Senator HILL(12.02) —In my contribution to the debate on Appropriation Bill (No. 3) and cognate Bills I intend to argue that the economic prospects for this country are not as bright as Government spokesmen have indicated, that in fact real difficulties are apparent for the next financal year and that whether the economic recovery can be sustained will depend on government policy. Therein lies the concern because in fact it might be argued that the recovery has in part proceeded despite some of the Government's policies.

There is no doubt that there has been something of an economic recovery in this country. We have witnessed a return to positive growth rates. There has been a small decline in unemployment. There has been some employment growth and we are experiencing lower inflation rates. These are all signs of an economy emerging from low levels of economic activity. I readily concede each of these.

However, it is important to look at the reasons for the turnaround over the last six months from the low level of economic activity. I believe that such a turnaround can be attributed to four factors. First, Australia has benefited from the dramatic upturn in world economic activity in 1983, particularly in the United States of America. The latest available International Monetary Fund projections for 1984 put world economic growth at 3.7 per cent in real terms. For the first time in 15 years the average world rate of inflation is below 5.1. Australia's longer term economic prospects will continue to depend on the growth and durability of the world economic upturn in general, and the United States economy in particular. Secondly, the ending of the drought has had a dramatic one-off effect on Australia's growth projections for this financial year. In the first half of 1983-84 gross farm product rose at an annual rate of 85.2 per cent . The significant proportion of the 11.3 per cent increase in gross domestic product in the first half of 1983-84 can be attributed to the dramatic farm recovery.

Thirdly, the continuing effects of the previous Government's wage pause program through to September 1983 provided a vital brake to the massive real wage increases of late 1981 and 1982. The pause in wages growth gave business valuable breathing space to restore profit levels, a necessary requisite for increased investment activity. Finally, the tentative recovery can be attributed in part to the Government's stimulatory spending on such things as housing and job creation projects. The cost of such discretionary budgetary action has, however, been an addition of some $2 billion to the structural component of the Budget deficit. Therefore, three of the four major infuences on Australia's economic recovery were outside the control of the present Government, which is probably why we have got as far as we have.

However, this is not a recovery of even economic growth. Clearly it is patchy and many indices show how precariously balanced it is. It is a recovery capable of turning sour in a very short time. I give the Senate some examples. Firstly, I ask them to look at the metals and engineering sectors-two sectors that have been particularly savaged by the recession.

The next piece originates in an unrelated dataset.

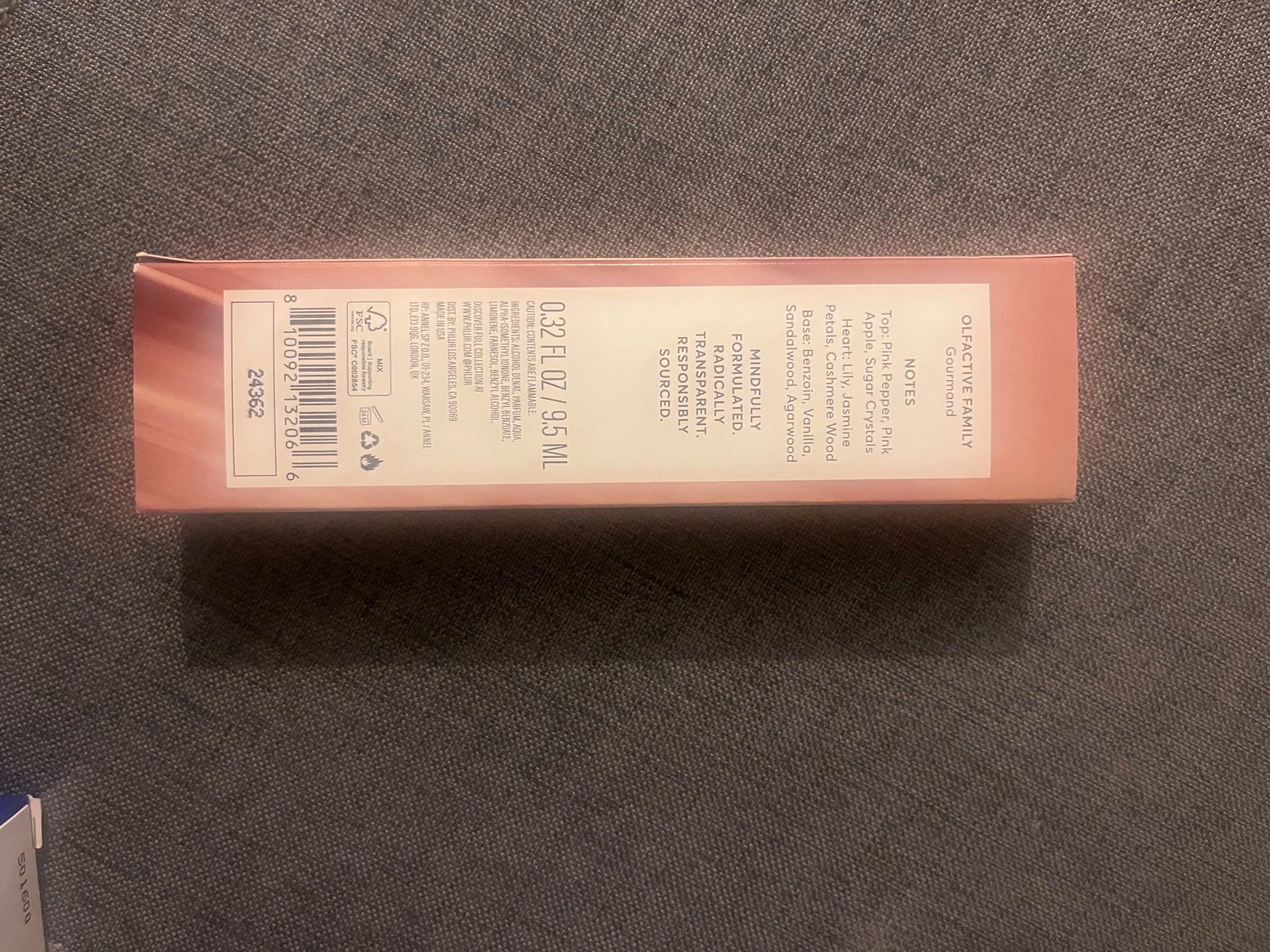 Parfums & Eau de Toilette: Vanilla skin PHLUR – Neuf avec emballage d'origine à Wetzikon ZH par lumbrera22 1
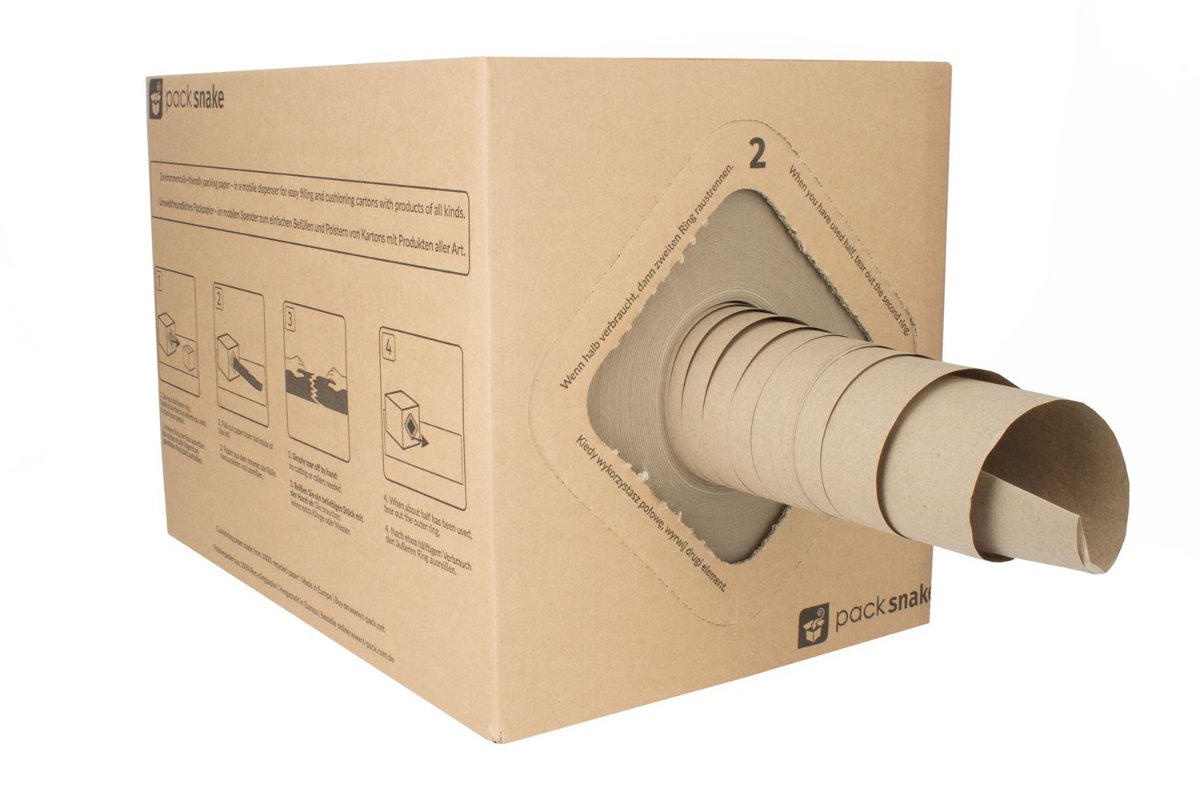 Packsnake Papier pakowy w kartonie 39cm x 450mb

A combined Metal Trades Industries Association Inc.-Commonwealth Banking Corporation survey, published only last month, predicted manufacturing and metal sales to rise by 9 per cent during 1984 . I remind the Senate that in 1983 they declined by 4 per cent. The survey identified agricultural implements, housing, consumer goods and light industrial equipment as healthy sectors during 1984. Nevertheless, the same survey has predicted slack activity in foundries, heavy engineering, general engineering, heavy electrical engineering, pumps and compressors. In addition, the MTIA survey concludes that investment in new buildings and structures will remain depressed.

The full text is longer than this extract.